Beneath this task are the entries; from the line with "1998 Chevrolet C1500" through the last one, transcribe every line exactly and nothing else, skipping pictures.

Data records
--- START ---

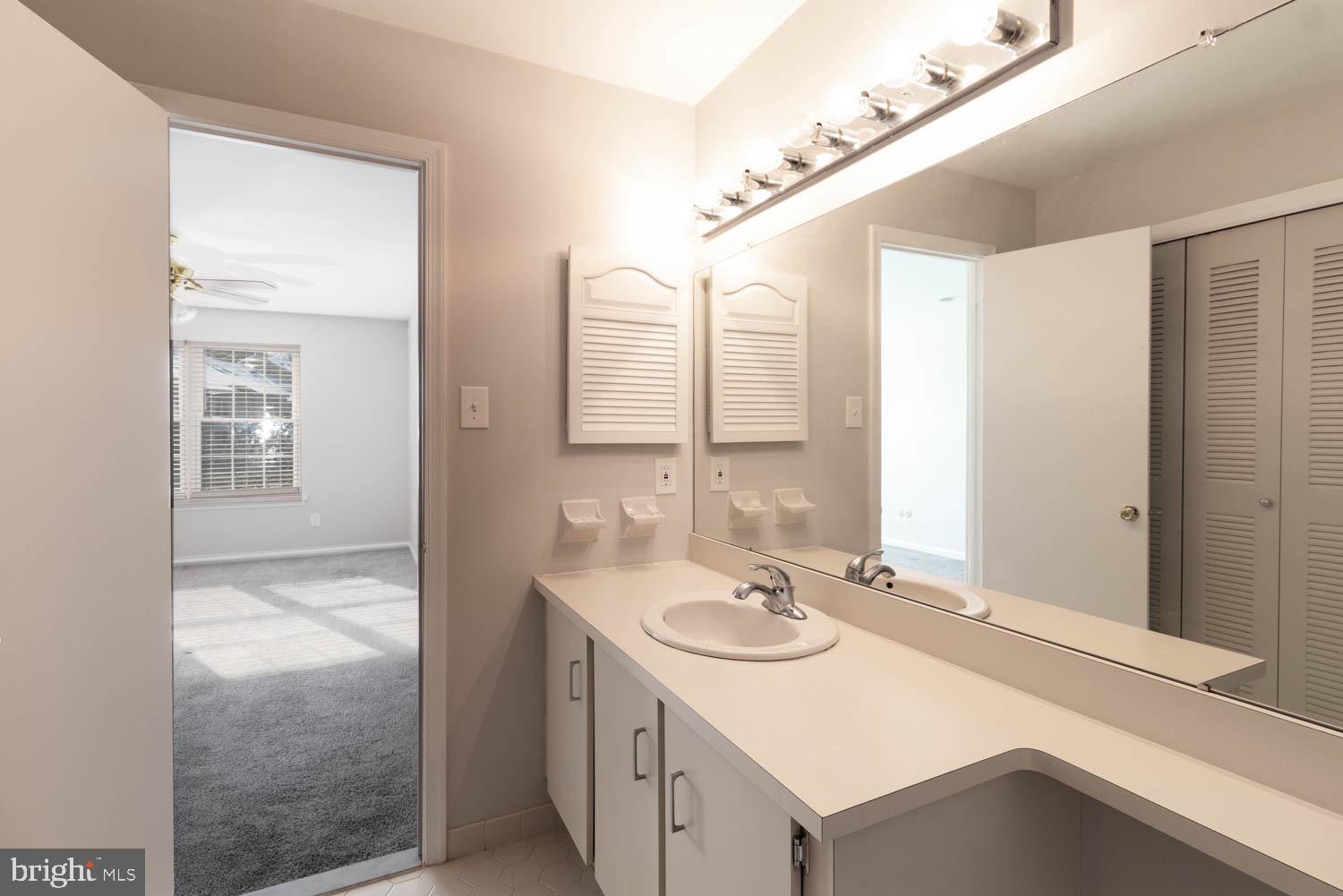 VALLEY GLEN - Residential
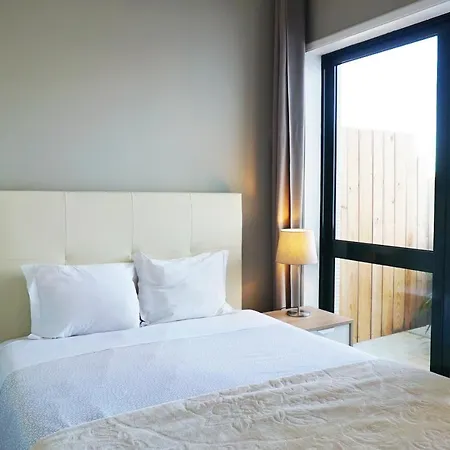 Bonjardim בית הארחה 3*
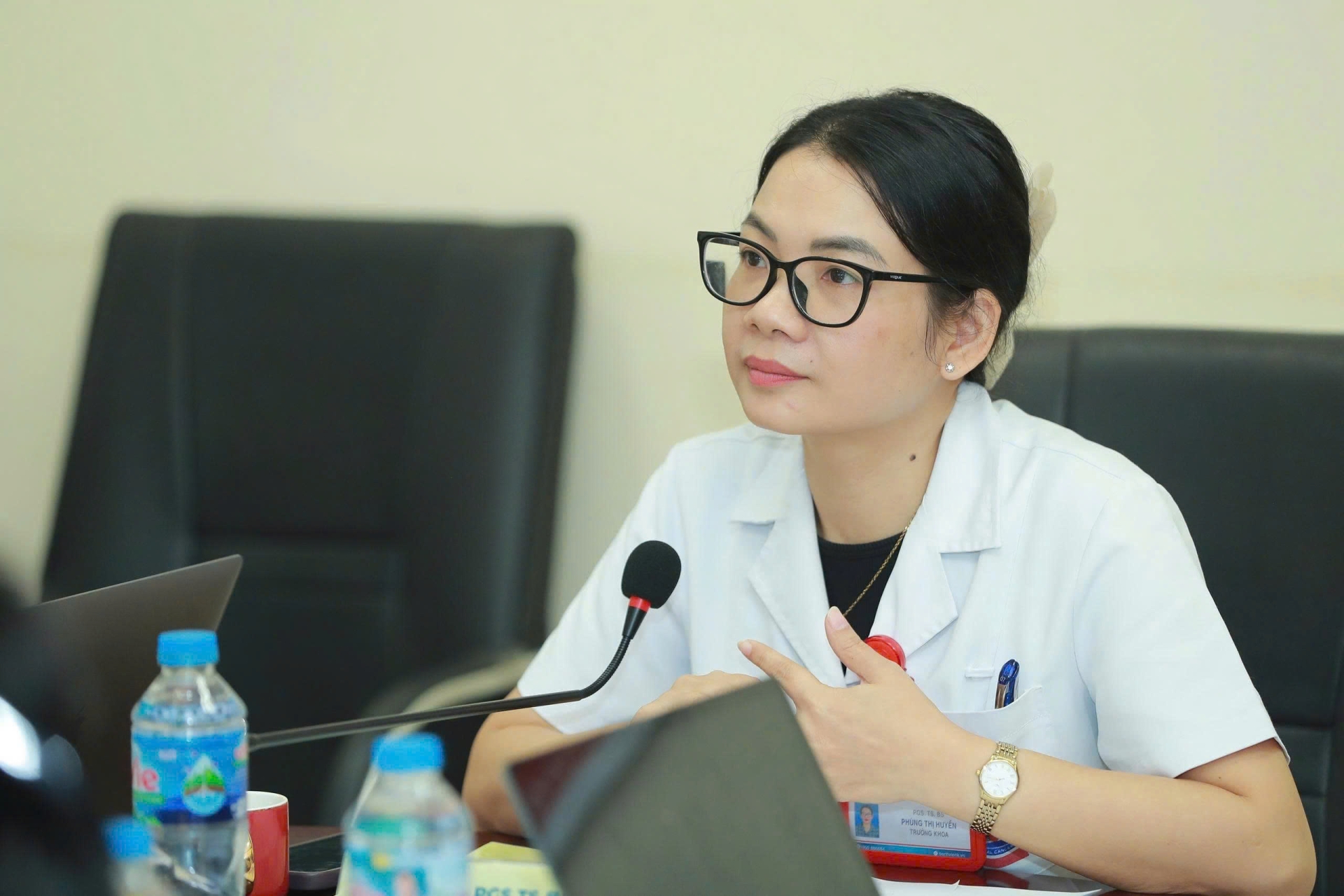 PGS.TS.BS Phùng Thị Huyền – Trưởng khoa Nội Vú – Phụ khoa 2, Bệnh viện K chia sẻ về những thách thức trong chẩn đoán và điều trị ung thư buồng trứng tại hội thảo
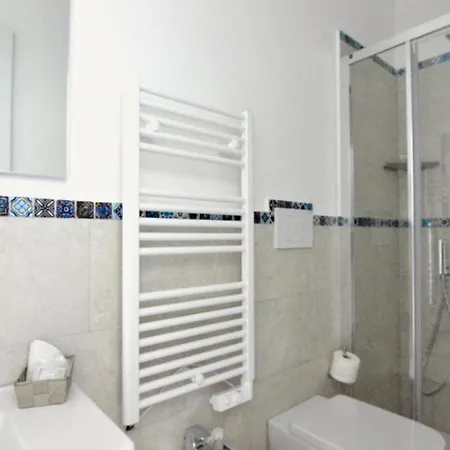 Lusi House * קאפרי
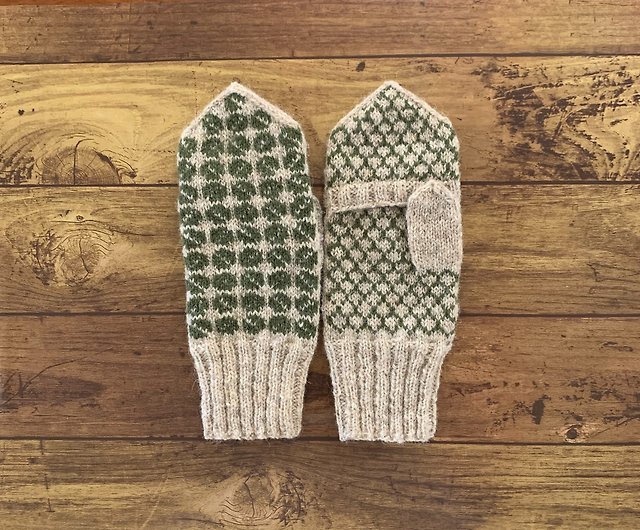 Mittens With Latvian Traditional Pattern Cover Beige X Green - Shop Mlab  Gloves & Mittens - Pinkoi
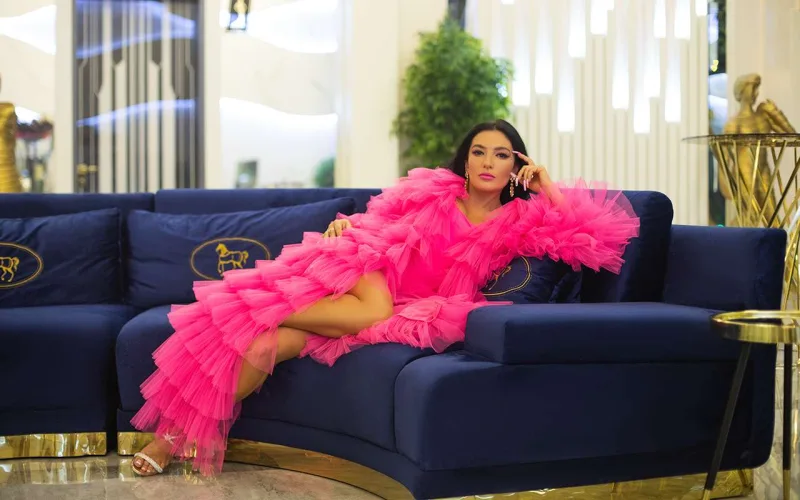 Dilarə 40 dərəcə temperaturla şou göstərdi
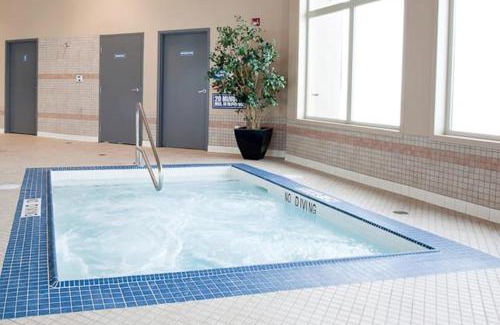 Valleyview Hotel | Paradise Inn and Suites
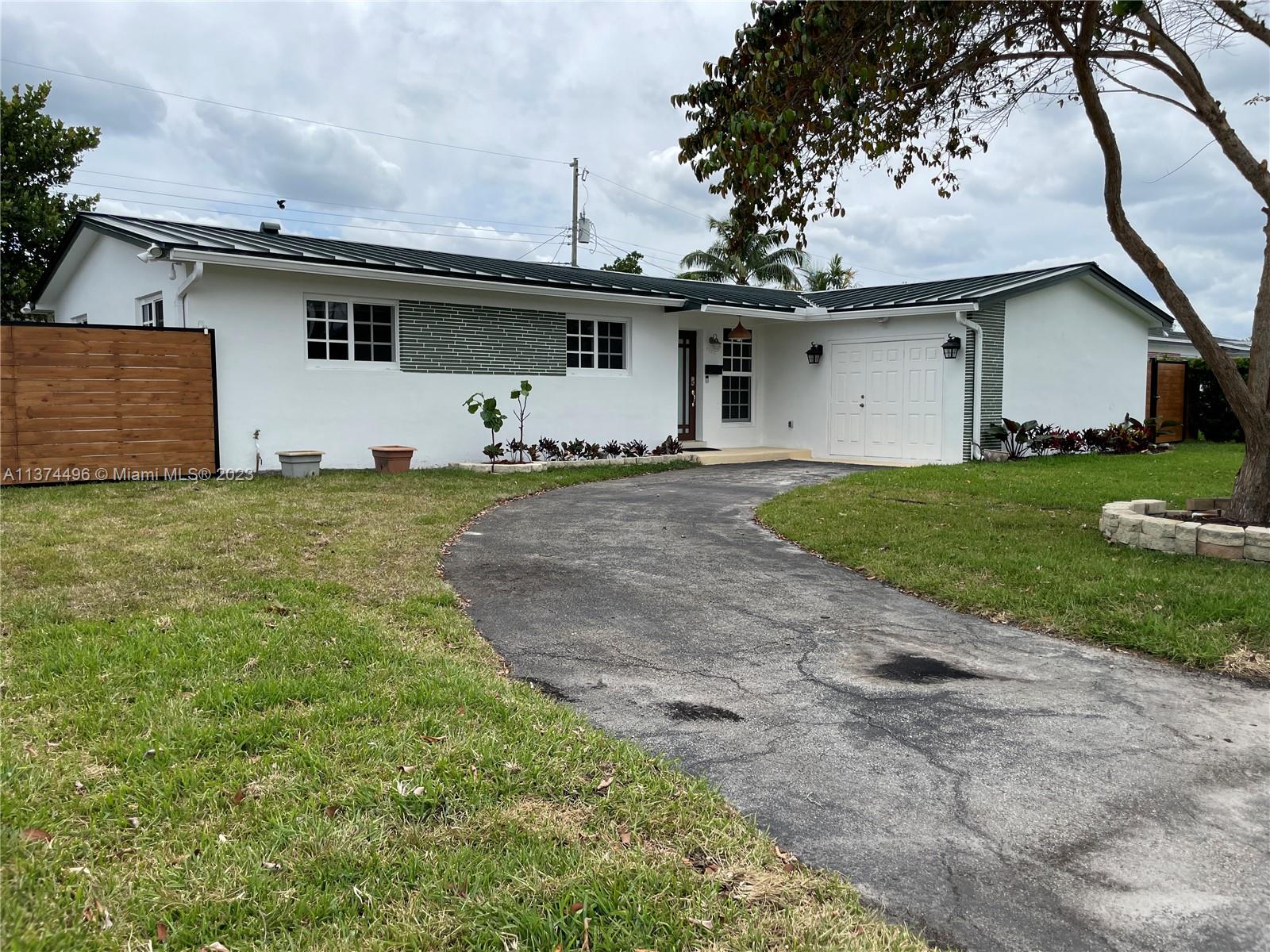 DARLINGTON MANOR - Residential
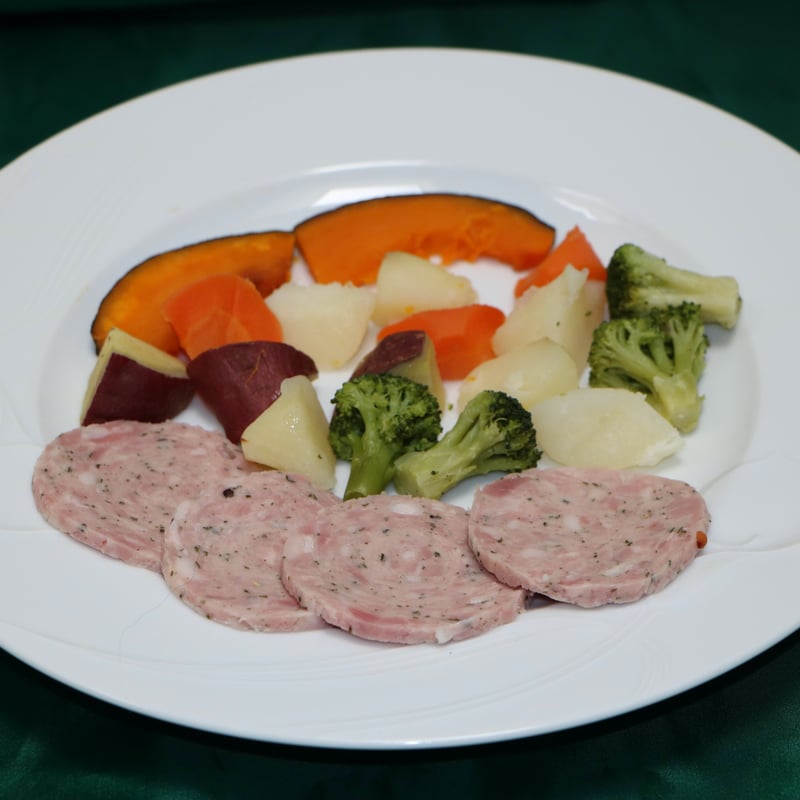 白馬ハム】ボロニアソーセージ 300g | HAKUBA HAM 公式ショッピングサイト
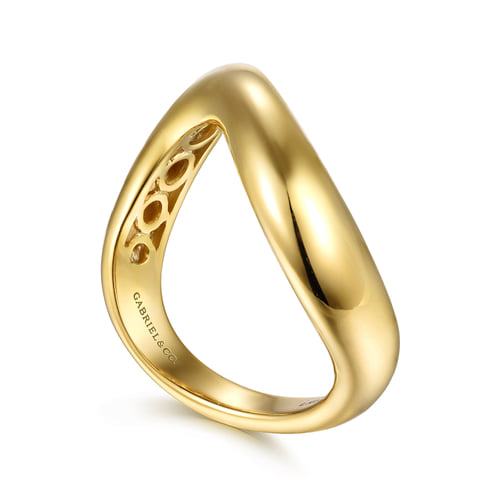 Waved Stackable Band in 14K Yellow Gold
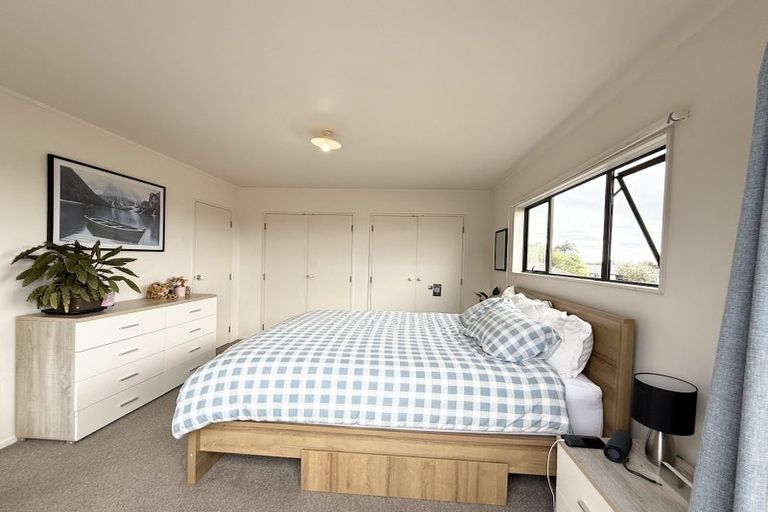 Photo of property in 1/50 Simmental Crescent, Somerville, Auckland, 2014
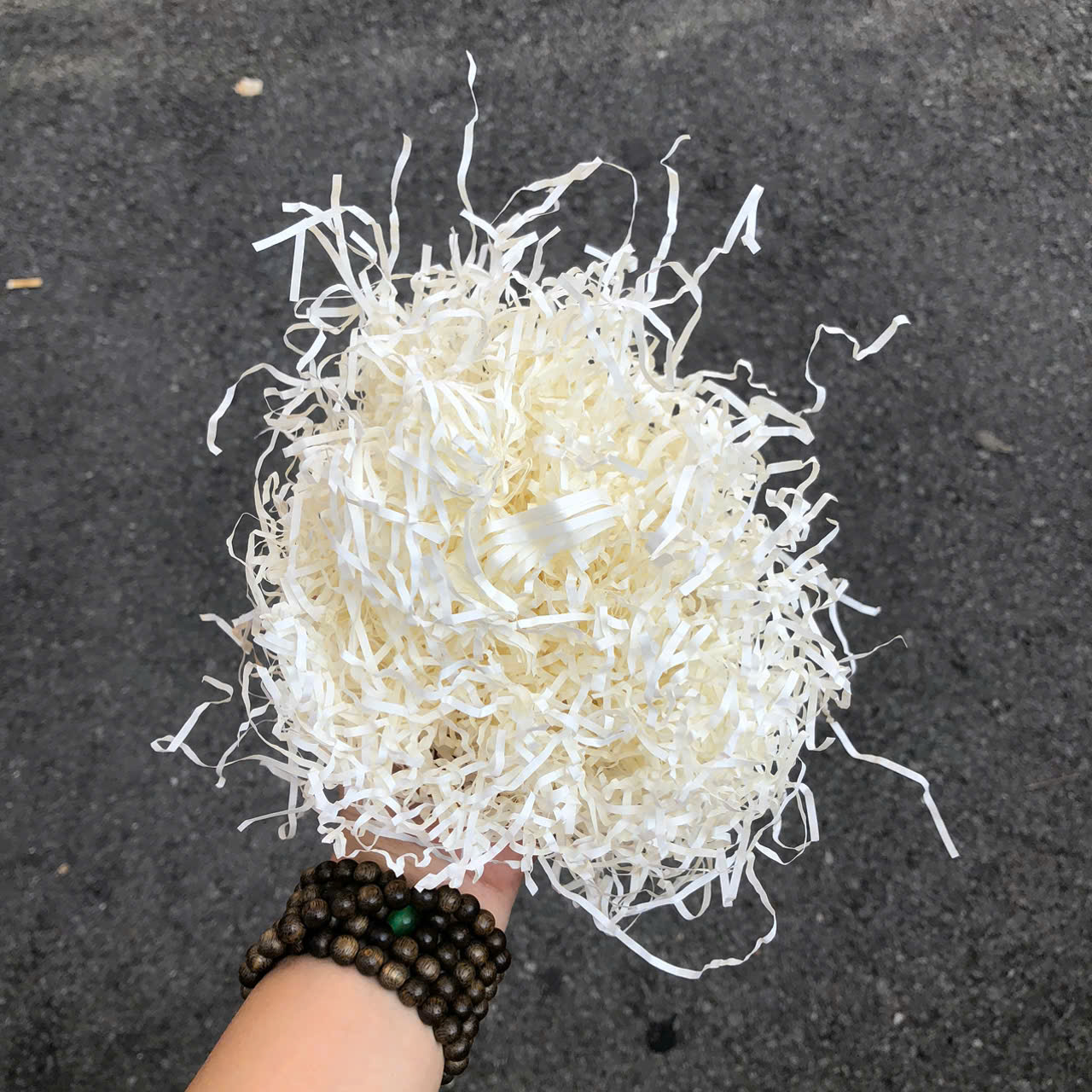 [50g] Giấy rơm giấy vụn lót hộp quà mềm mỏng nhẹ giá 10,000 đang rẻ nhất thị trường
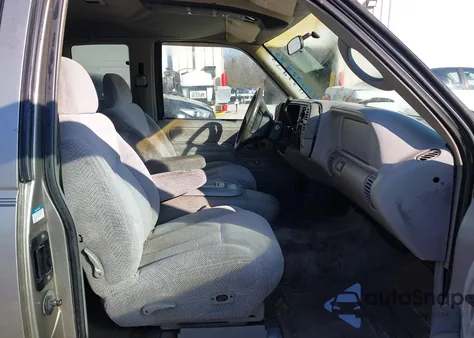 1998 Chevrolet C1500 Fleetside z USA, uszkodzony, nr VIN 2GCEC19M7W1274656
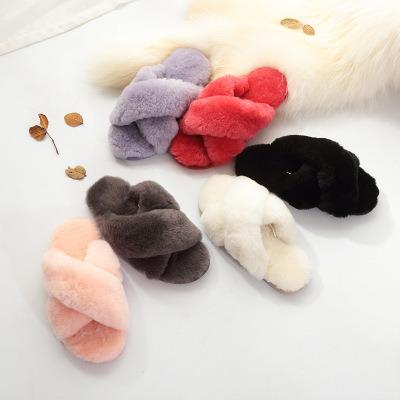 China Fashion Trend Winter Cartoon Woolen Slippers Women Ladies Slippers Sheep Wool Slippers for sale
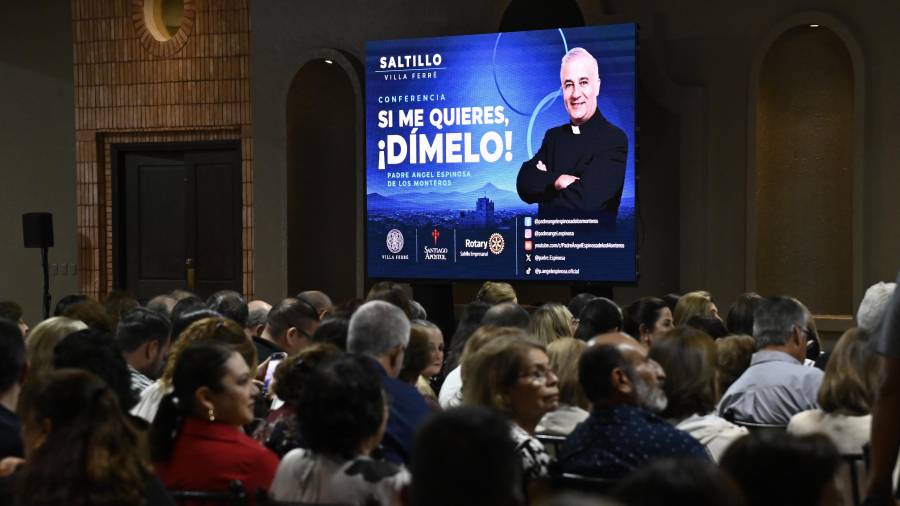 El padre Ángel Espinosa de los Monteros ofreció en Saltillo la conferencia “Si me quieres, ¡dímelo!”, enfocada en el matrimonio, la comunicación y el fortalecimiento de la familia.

--- END ---

▸ **OUTPUT FOR THIS TASK**:
 1998 Chevrolet C1500 Fleetside z USA, uszkodzony, nr VIN 2GCEC19M7W1274656
 China Fashion Trend Winter Cartoon Woolen Slippers Women Ladies Slippers Sheep Wool Slippers for sale
 El padre Ángel Espinosa de los Monteros ofreció en Saltillo la conferencia “Si me quieres, ¡dímelo!”, enfocada en el matrimonio, la comunicación y el fortalecimiento de la familia.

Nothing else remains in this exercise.